» COLLECTED MATERIAL
Segment Open

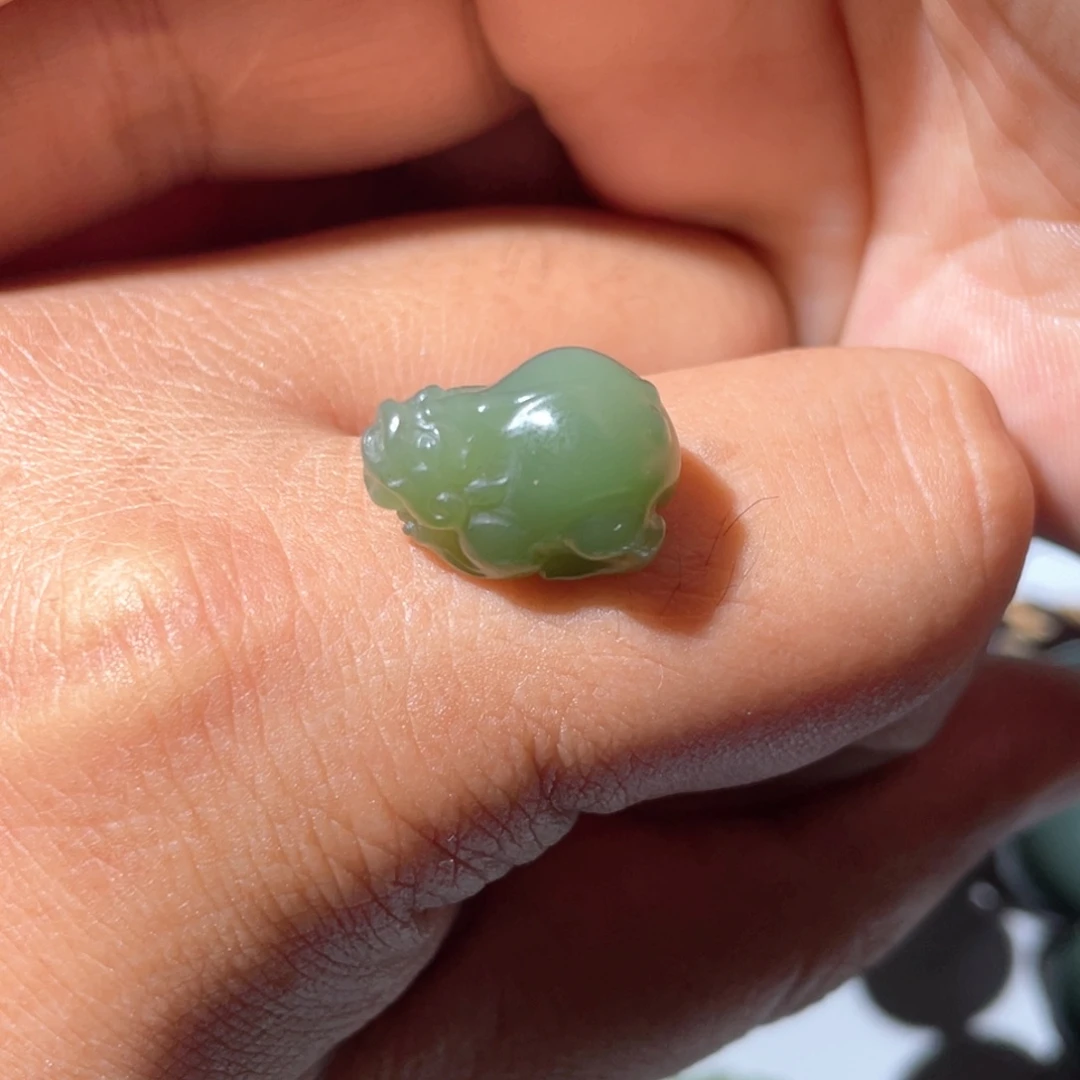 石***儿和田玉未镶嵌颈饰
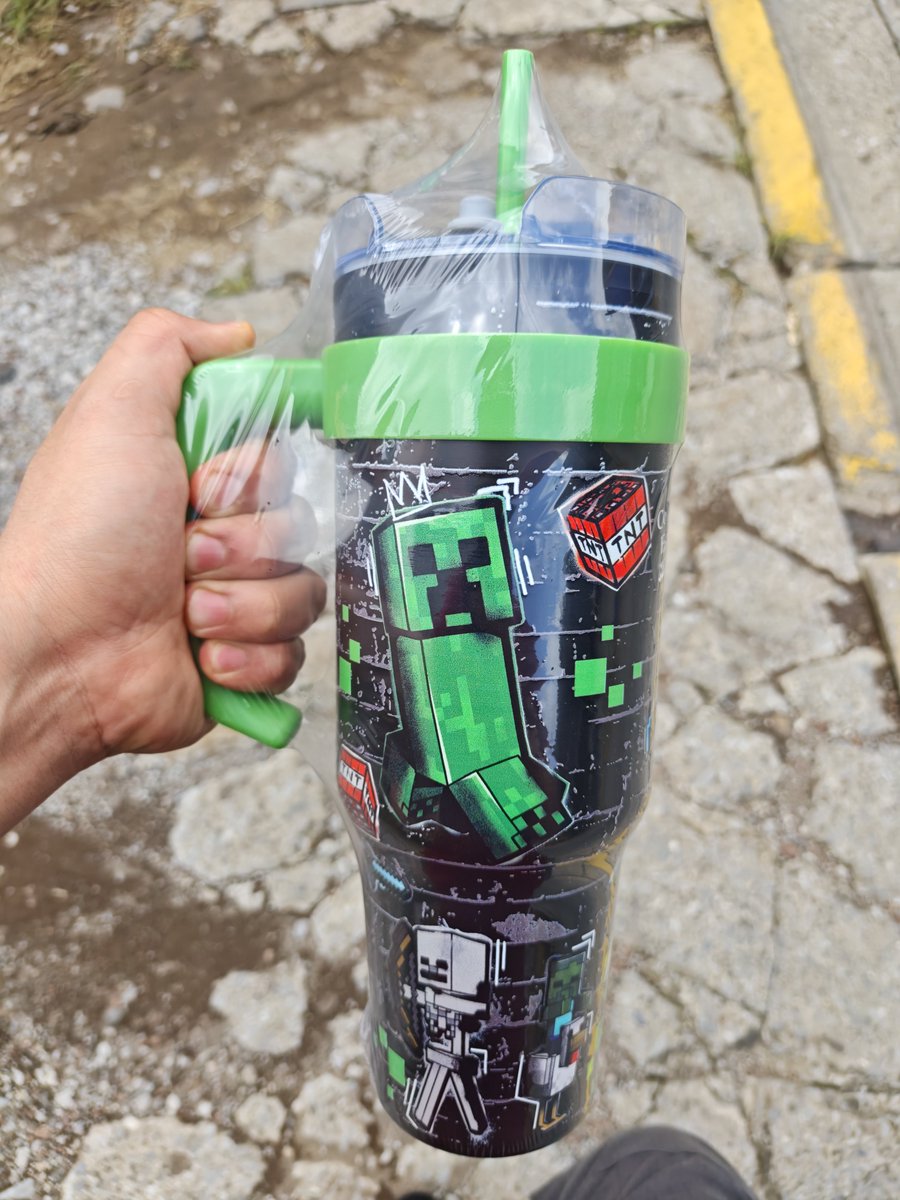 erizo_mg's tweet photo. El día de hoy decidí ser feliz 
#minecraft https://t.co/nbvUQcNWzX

Segment Closed

Output the span from the line with "erizo_mg's tweet photo." through the last line of the data, inclusive and exact, and omit every picture.

» ANSWER AREA
 erizo_mg's tweet photo. El día de hoy decidí ser feliz 
#minecraft https://t.co/nbvUQcNWzX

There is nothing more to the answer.